Al arbolito de la Flor de Pascua ya se le están cayendo las hojas. Empieza por las más pequeñitas y por las que se encuentran distraídas abajo en el tallo que, engurruñadas, se dejan caer dobladitas sobre el mármol o lo que sea eso que cubre el suelo. Las raíces han seguido creciendo estas Navidades hasta abarrotar la macetita que, salta a la vista, se le ha quedado pequeña. El rojo aquel tan peculiar que tenía el día que la trajeron del mercadillo, luego era martes, ese rojo de labios de mujer arreglada (y guapa) ahora se muestra desvaído y tirando a una mezcla entre bermejo y púrpura (que es el color de la caridad), algo semejante a mi color preferido, el burdeos, color enseña del Chinche y supongo del doctor Artero pues no en balde este tinte vinoso (los juegos de palabras en invierno salen solos) proviene de la coloración del vino bordelais y, en eso, en lo suyo y en Emérita Antiqua, Antonio Artero es una eminencia.

Podía hablar de los colores borgoña, guinda o granate pero acabaría tratando de tú a Baco y alejándome de la Flor de Pascua (Euphorbia pulcherrima), que es el tema que me trae ante ustedes, mientras veo como la plantita se anonada ante mí, que una cosa es anonadarse y otra abrirse porque lo que se abre se cierra pero lo que se anonada se queda siempre abierto, o lo que sea eso (además de reflexión intelectual de barriada).

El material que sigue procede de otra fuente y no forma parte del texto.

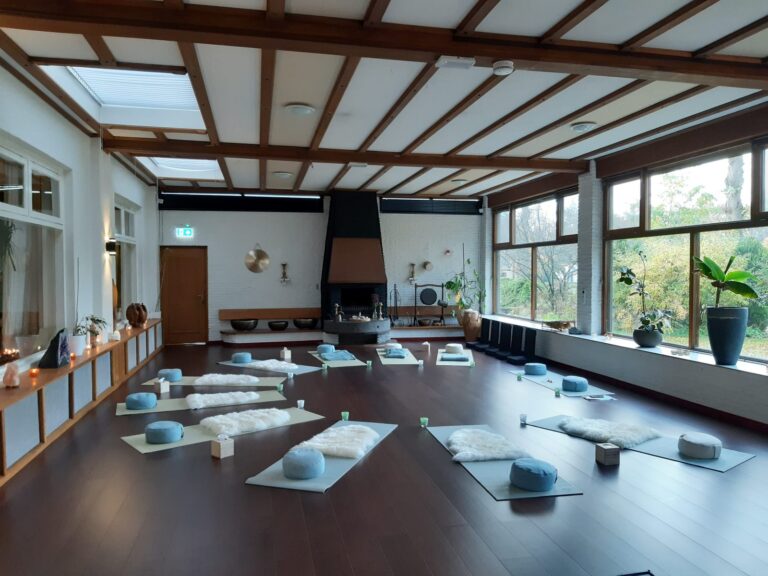 Yoga zaal met deelnemers op matjes in een cirkel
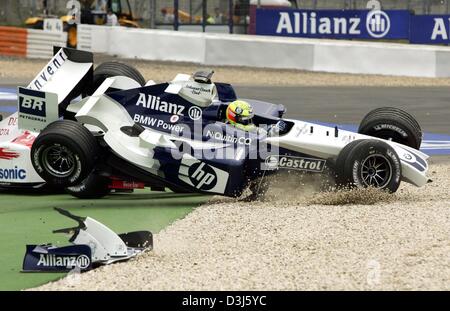 (dpa) - German formula one pilot Ralf Schumacher (BMW-Williams) collides with Brazil's Christiano da Matta (covered) in the first bend during the European Grand Prix at the Nuerburgring race track in Germany, 30 May 2004. Stock Photo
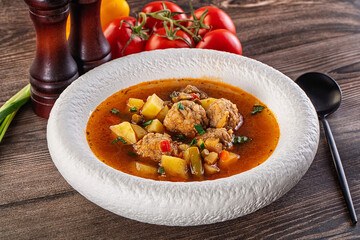 Tomato Soup with meatballs and vegetables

Creo que la Flor de Pascua de mi casa se está despidiendo poco a poco, consciente de que ha cumplido su grata función navideña, florecer en invierno y con poca luz, que era el nervio de su vida útil y que con su otro color me envía un mensaje mexicano (lugar donde proviene esta Flor) para que aproveche el tiempo, pues a los 64 años ya cuento los inviernos al revés, por los que me quedan y no por los que pasaron o lo que fuera aquello.